At the event we had reps from (watch out for acronyms here) CCGsPCTs, HWBBCQC, LINk, NHSCfPSHealthwatch, and local Councils.

Locally, most of the unanswered questions are about how these agencies will work together, as people have new responsibilities, or find themselves working with different organisations. The idea behind the event was to get everyone in the same room, to try to provide answers to these questions, and build what will be important working relationships for the future.

Here are some of the things we learned:

Health is about patients and the public

I’m not saying that we didn’t all already know this, but it was kind of encouraging to affirm this as a lot of the debate on the reforms has been about structures and organisations, rather than improving care. It was really useful to try and map out all of the people and organisations involved – each table put patients and the public right at the centre of their ‘solar system’.

Note the Spaceship…

A lot of our work should focus on stopping people becoming patients, or sending them to the right people to get better.

I suppose this expands on the adage of “prevention is better than cure”, though is a bit more complicated than that. We heard from health professionals that in a lot of cases, people who have minor complaints either put off seeing their GP until their condition gets more serious (which is clearly bad for the patient, and more expensive for the NHS) – or even worse, wait until their condition is really advanced, when they present to A&E on a Saturday night, with a problem that should have been sorted long before then.
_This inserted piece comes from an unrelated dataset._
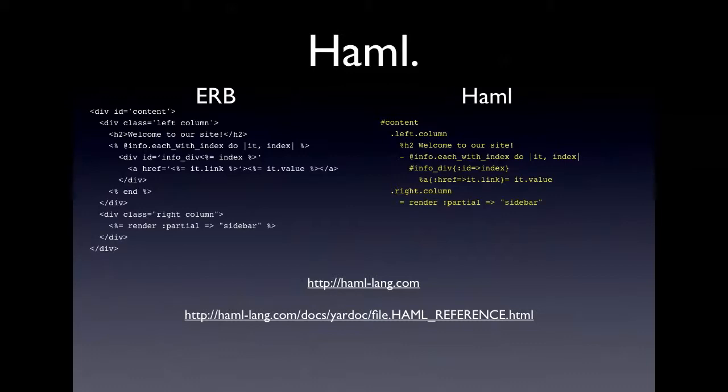One interesting thing is when you're looping over and then you add the index onto the div so that you can keep the IDs unique and all that.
A focus on early intervention and preventative campaigns doesn’t just make sense from a health point of view; with budgets as constrained as they are, can we afford not to nip these problems in the bud?

GPs are getting on with the job they’ve been given

We had reps from 2 out of the 3 Clinical Commissioning Groups (CCGs) operating in Warwickshire at our event – the message from them was that, despite concerns expressed by the British Medical Association and others, they’ve been given the responsibility to commission healthcare services in their area, so they’re getting on with it.

The CCGs are going through the process of being authorised at the moment, with them taking over responsibility from the Arden Cluster (Primary Care Trust) in April 2013. As with any membership organisation, there is the problem of engagement, and they admit that not all GPs will want to be involved with commissioning. They say they are working to combat this though.

Health Scrutiny is like a spaceship (yes, really)

Continuing the solar system theme here – County and Unitary Councils have had the responsibility since 2001 for scrutinising local health services (i.e. Health Scrutiny) and have powers to require information from local health trusts, and to call in their Chief Executives if there are problems. Out of all of health bodies, Health Scrutiny hasn’t been really affected by the health reforms, and still has the powers to look at anything that Councillors and public want it to. This can range from the closure of a ward in Rugby, to a specific group to look at Mental Health services for young people, or even parking at University Hospital in Coventry. Scrutiny can go anywhere, and look at anything. Like a spaceship.

The next steps in Warwickshire

The event went really well – you can see some more of the debate and photos on Twitter (@WarksDemocracy). Quick feedback from most people was that it was useful to get around a table with everyone – even if we didn’t all agree all the time.

County Councillors will be working with District Councillors over the coming months to work out how local democracy and accountability can be promoted in the new health world. We’ll be looking to avoid duplication between councils and hopefully, by working together, get better results for local residents. This should then help how the councils work with the CCGs, Health and Wellbeing Board, and Health Scrutiny.

We’ll be holding another event in October – hopefully we can update you all further after that – things are moving pretty quickly, so who knows where we’ll be by then!